Not a Router Replacement
As noted, Firewalla doesn’t attempt to replace your Wi-Fi router or your existing security suite. Rather, it works alongside both. Most other network security boxes we’ve examined both do more—and cost more.
Bitdefender Box 2 runs on a Dual Core Cortex A9 1.2GHz processor and comes with 1GB of DDR3 memory. That’s a little hard to compare with Firewalla’s quad-core processor and 512MB of DDR4 memory, but both seem to have all the firepower they need. While it can function as a wired and wireless router, the company recommends using it as a supplement to your existing router, not a replacement. You control it from the Bitdefender Central console online, meaning you can control it from anywhere, not just your phone or tablet.
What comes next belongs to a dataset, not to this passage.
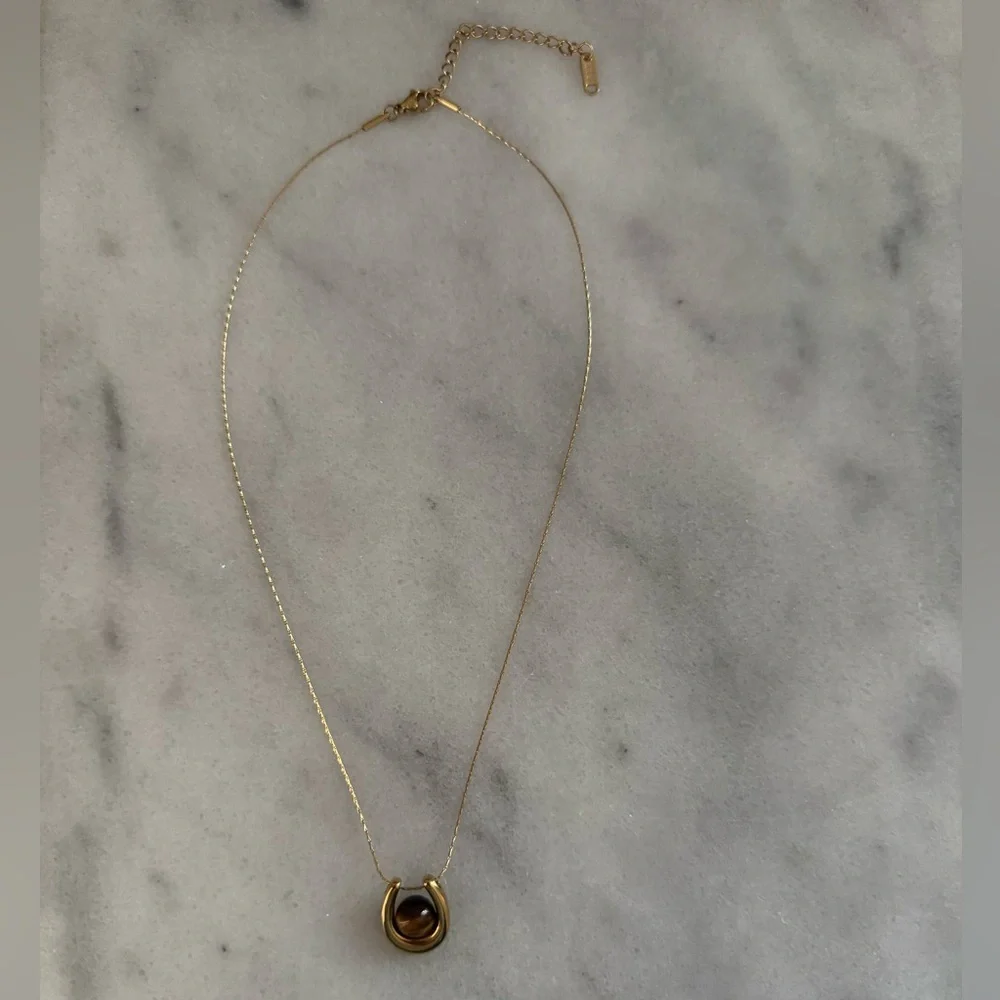 New Stock Gold Amber Tiger Eye Pendant Necklace   Brand New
Unlike Firewalla, Bitdefender Box does scan your (unencrypted) internet traffic. This lets it prevent transmission of user-defined personal information, block malicious web traffic, and impose a degree of parental control. Your subscription also lets you install Bitdefender Total Security and manage it alongside Bitdefender Box. This all comes at a price; the box itself costs $ 199.99, and after the first year you pay $ 99 per year for the associated software.
Norton Core, unlike Bitdefender Box, aims to fully replace your router. In testing, it proved serviceable, but not up to the best standalone routers such as Editors’ Choice Asus ROG Rapture GT-AC5300. Like Bitdefender Box, it uses a dual-core processor and 1GB of RAM. You can easily view all connected devices and, if necessary, pause the internet for one you select with a click. You can do that remotely, if necessary, without having to go through the VPN Server setup Firewalla requires.
Norton Core does let you know when something new connects, but it can also quarantine new ones pending your confirmation, allowing internet access without access to other . The included Symantec Norton Security Premium offers a wealth of local features, but costs $ 9.99 per month after the first year. That does let you install protection on unlimited devices.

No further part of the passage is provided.